I first read this piece 10 years ago. I thought — and think — his critique of globalisation and the subjugation of law to capital is incontestable, such that I continue to assign the article in a range of courses, encouraging students to reflect on the correlative between developments in law and swings in legal education. Yet, while I agreed with Arthurs’ representation of neoliberal legality, I doubted the validity of his portrayal of learning. He conveys much about the substance of legal education, but little about the form, presuming a hierarchical and transactional model that is difficult to defend either historically or normatively. 

Since the industrial revolution, we’ve traversed varying stages of a learning era, a unique period in human history denoted by the reconceptualisation of learning from elitist hobby to civilisational endeavour. The time-space compression played its part, establishing a digital landscape that accelerated the trend, yielding in the process new definitions of both knowledge and learning. While I was doubtful of Arthurs’ thesis a decade ago, I am wholly sceptical of it today for it’s clear to anyone involved in education that learning is in flux, maybe even in turmoil.* Many of the go-to institutions of the previous century are at war with themselves, simultaneously playing the part of savage, victim, and saviour in the disruption of the learning landscape. 

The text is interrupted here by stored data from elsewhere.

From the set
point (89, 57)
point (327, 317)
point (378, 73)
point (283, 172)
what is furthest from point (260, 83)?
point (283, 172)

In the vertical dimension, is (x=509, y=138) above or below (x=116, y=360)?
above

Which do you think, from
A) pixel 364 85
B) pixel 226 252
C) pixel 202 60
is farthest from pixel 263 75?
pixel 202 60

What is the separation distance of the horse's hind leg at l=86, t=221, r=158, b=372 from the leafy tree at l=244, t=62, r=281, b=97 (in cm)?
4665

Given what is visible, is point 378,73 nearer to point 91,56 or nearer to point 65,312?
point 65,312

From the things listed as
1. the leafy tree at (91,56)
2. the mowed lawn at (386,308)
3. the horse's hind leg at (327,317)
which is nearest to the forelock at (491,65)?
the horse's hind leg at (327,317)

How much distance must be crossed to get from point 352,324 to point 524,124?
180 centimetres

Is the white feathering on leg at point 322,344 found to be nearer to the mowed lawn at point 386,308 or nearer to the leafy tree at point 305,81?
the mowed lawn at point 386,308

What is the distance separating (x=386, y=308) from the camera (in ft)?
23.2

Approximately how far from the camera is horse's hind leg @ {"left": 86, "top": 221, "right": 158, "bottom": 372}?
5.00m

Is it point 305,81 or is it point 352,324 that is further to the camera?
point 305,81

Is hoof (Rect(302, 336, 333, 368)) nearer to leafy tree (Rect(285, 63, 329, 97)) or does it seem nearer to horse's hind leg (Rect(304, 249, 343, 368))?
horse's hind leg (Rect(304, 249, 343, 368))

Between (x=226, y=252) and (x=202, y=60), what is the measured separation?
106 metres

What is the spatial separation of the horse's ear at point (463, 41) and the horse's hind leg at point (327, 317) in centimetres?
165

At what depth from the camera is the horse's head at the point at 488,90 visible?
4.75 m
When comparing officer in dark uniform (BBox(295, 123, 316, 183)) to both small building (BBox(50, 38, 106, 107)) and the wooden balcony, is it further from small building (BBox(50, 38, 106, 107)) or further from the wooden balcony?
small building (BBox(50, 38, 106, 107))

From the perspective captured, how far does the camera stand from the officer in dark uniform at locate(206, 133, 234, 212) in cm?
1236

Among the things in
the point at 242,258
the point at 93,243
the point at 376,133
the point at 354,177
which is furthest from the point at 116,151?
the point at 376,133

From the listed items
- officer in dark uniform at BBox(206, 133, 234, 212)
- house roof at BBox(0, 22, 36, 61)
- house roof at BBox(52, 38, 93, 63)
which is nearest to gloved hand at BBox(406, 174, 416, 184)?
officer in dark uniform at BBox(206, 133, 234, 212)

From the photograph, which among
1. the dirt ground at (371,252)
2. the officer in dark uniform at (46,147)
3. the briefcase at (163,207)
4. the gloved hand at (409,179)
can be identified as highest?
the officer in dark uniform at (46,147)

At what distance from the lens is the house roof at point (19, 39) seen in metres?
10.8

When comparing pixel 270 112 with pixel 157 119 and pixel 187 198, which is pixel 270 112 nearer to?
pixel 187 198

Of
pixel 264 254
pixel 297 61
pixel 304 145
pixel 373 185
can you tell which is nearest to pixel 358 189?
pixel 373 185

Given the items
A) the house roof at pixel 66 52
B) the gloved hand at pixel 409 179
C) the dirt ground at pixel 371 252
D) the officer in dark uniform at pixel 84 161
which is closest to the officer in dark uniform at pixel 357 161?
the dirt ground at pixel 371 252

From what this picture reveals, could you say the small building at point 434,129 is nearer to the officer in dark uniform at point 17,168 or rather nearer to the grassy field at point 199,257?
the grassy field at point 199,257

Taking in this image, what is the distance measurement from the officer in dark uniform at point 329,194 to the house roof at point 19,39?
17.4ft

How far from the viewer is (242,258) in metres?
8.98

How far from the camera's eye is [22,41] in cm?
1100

In this essay, I wish to introduce some characteristics of the learning era to legal scholars, chiefly because I worry that the opportunity is passing us by. I begin by explaining how a learning revolution is materialising, focusing on four core transformations. Next, I evaluate some of the implications of these changes for legal education. I end by suggesting that the dynamism of the moment is a chance for legal academics and law schools to break with the command model of education that has historically guided legal pedagogy.

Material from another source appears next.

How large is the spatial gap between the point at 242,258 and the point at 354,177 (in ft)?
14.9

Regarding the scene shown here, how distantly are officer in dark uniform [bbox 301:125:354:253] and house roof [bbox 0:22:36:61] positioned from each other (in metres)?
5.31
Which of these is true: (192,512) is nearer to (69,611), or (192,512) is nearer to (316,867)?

Many jurists, myself included, find jettisoning the command model difficult, despite its incompatibility with the modes of learning mushrooming today. We are not necessarily devoted to a hierarchical modality; rather, we are ill-equipped to conceptualise an alternative because of law’s inherent quality as a coercive force, a problematic compounded by the authoritarian character of law schools. Despite the incongruence of coercion and authoritarianism with the learning era, both factors retain a firm grip over the direction of legal pedagogy, no matter how counterproductive. I believe the learning revolution presents viable pathways for the re-imagination of legal education in ways that capitalise on the evolutionary trends. I should mention that this essay is more reflective than argumentative for I, too, am grappling with these transformations, the outcomes of which remain unknown. Perhaps the only thing we can be certain of is that academics must refresh their ideas about how we organise learning to account for the changes underway.** 

From Hierarchical to Distributed Learning

In one of his final lectures, the late pedagogue Richard Elmore identifies some changes to learning occasioned by the ongoing revolution. Combined, these changes pose an existential challenge to formal institutions of education including, foremost, law schools.

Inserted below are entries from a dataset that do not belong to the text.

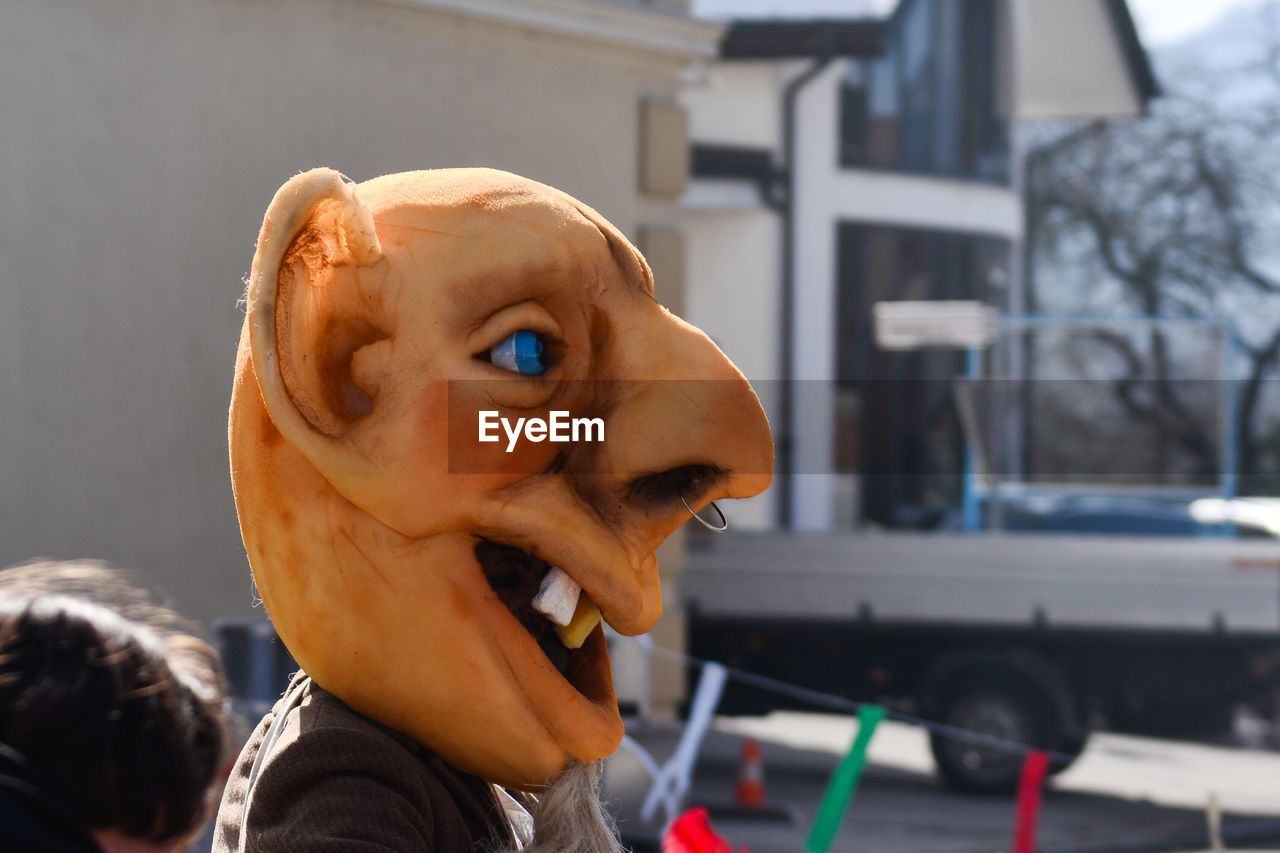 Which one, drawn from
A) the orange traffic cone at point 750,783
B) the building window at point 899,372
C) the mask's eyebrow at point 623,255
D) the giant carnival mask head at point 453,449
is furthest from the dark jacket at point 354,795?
the building window at point 899,372

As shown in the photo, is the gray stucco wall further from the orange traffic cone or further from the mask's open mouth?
the orange traffic cone

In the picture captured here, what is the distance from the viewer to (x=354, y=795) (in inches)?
58.4

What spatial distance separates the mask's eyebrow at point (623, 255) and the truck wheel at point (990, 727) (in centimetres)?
615

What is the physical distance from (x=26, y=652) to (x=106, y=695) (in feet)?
0.29

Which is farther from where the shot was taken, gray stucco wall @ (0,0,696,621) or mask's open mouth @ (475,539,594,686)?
gray stucco wall @ (0,0,696,621)

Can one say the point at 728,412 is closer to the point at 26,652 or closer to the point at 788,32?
the point at 26,652

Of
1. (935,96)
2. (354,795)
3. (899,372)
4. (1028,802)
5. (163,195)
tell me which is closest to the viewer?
(354,795)

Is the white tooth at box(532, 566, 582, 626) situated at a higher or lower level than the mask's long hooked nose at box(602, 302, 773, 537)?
lower

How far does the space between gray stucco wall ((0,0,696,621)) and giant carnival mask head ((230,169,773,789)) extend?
105 inches

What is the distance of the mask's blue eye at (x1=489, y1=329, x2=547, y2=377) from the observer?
1.62 m

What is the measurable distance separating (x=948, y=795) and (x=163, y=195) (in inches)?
213

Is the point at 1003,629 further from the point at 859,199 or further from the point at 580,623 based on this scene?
the point at 859,199

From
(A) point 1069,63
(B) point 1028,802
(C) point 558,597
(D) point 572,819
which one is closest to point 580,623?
(C) point 558,597

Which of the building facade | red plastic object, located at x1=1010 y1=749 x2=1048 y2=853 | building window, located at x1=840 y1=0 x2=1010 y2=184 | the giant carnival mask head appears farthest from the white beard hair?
building window, located at x1=840 y1=0 x2=1010 y2=184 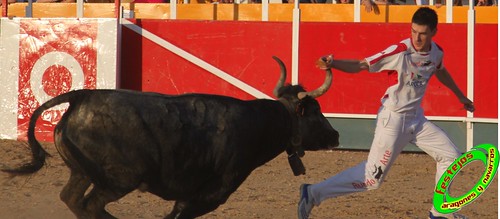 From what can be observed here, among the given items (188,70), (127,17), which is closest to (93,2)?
(127,17)

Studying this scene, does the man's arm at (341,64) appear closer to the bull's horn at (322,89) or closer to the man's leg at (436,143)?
the bull's horn at (322,89)

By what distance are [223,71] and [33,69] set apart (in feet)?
7.15

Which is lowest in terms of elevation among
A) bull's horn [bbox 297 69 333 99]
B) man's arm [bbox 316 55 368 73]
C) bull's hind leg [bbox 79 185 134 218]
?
bull's hind leg [bbox 79 185 134 218]

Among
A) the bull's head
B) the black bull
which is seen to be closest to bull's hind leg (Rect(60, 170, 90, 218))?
the black bull

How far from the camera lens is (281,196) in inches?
397

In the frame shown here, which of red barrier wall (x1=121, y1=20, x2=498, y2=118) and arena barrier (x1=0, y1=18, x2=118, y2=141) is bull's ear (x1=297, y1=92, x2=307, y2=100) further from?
arena barrier (x1=0, y1=18, x2=118, y2=141)

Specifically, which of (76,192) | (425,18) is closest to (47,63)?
(76,192)

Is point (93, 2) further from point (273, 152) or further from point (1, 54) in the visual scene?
point (273, 152)

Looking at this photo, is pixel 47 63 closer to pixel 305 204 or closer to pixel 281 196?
pixel 281 196

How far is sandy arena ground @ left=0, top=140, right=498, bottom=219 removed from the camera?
9.22 meters

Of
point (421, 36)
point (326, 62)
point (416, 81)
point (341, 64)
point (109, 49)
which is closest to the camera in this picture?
point (326, 62)

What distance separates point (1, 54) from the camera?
42.4 ft

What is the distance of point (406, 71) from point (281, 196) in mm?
2827

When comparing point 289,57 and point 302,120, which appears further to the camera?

First, observe the proliferation of content. To use a hackneyed example, users upload over 500 hours of video to YouTube every minute. To use a more obscure though equally compelling statistic, contributors to Opinio Juris have penned nearly 12,000 blogposts since its inception, which translates to 700 per annum or two per day. The democratisation of the production of content has obliterated our understanding of authorities, curricula, and even knowledge. Gates and gatekeepers are in retreat and, in their wake, we discover fresh sources of learning (though Arthurs might argue that they’ve simply moved the goalposts). Digital access remains a challenge for many, and it would be callous to ignore this. But even this barrier is ebbing with points of access multiplying the world over. 

Second, just as we’ve democratised content production, so too have we disseminated the teaching task. Formal teachers remain both pervasive and perennial, but we are no longer the only game in town. Who amongst us doesn’t turn to Wikipedia, YouTube, Twitter, Upwork, and other platforms I am unaware of when seeking to learn about a topic? Learners are less enamoured with ‘who’ than they are with ‘what’: does this source possess or embody the expertise to support my learning? Learners wish to have their thinking stimulated, and are not wedded to the curious proposition that the lecture theatre is the ideal place for this to transpire. As a result, teaching is scattering, manifesting less as a monologic offering and more as a dialogic activity.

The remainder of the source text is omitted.